◆ What you need to do:
An exact copy of the lines of the listing below between the "金色粒子在黑暗背景中浮动" line and the "Cross section show" line, both included, is the whole answer; please omit the pictures.

[Given records]

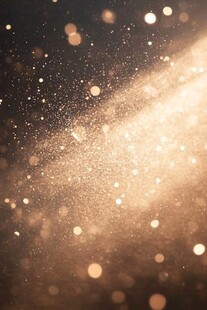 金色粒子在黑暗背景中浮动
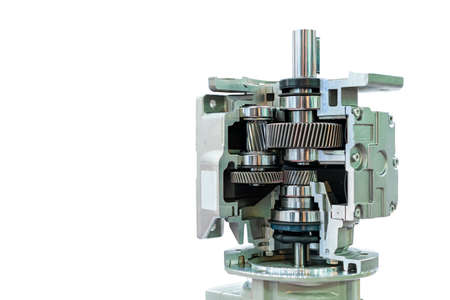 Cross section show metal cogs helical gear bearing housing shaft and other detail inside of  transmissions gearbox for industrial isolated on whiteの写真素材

[/Given records]
[Given records]

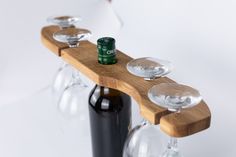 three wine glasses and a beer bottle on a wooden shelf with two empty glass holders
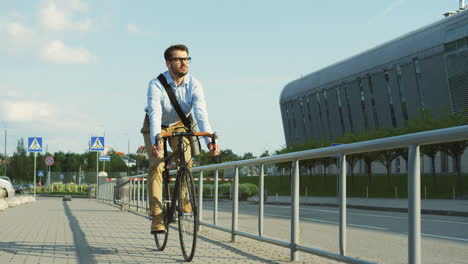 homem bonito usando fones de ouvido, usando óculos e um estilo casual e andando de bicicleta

[/Given records]

◆ Finished task:
 金色粒子在黑暗背景中浮动
 Cross section show metal cogs helical gear bearing housing shaft and other detail inside of  transmissions gearbox for industrial isolated on whiteの写真素材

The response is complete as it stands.